◆ **Your objective**
Two lines below mark the span: the one containing "GANT | Poloshirt Regular Fit | grau" and the one containing "KA53 Core Cargo". Set down both, plus every line between, exactly as they stand, and nothing else.

◆ **Extracted records**
◆ ◆ ◆ ◆ ◆ ◆ ◆
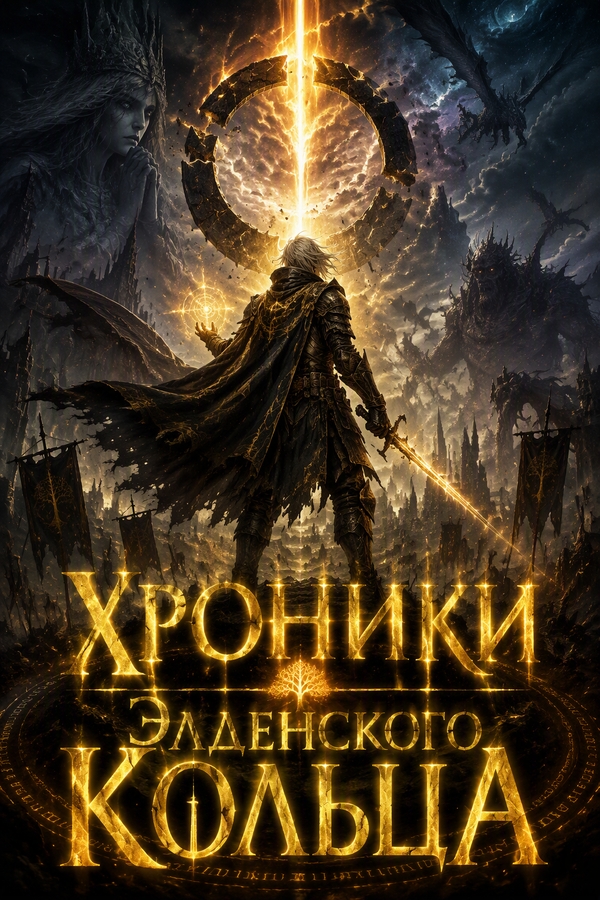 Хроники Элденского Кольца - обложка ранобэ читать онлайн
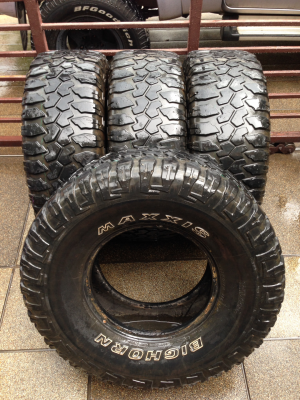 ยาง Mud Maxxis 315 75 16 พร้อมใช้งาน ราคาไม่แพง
◆ ◆ ◆ ◆ ◆ ◆ ◆
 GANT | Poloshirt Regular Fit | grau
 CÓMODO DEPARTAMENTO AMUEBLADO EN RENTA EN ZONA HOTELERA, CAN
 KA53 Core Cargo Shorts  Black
◆ ◆ ◆ ◆ ◆ ◆ ◆
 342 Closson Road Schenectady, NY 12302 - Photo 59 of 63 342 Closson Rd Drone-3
◆ ◆ ◆ ◆ ◆ ◆ ◆
◆ **Exercise output**
 GANT | Poloshirt Regular Fit | grau
 CÓMODO DEPARTAMENTO AMUEBLADO EN RENTA EN ZONA HOTELERA, CAN
 KA53 Core Cargo Shorts  Black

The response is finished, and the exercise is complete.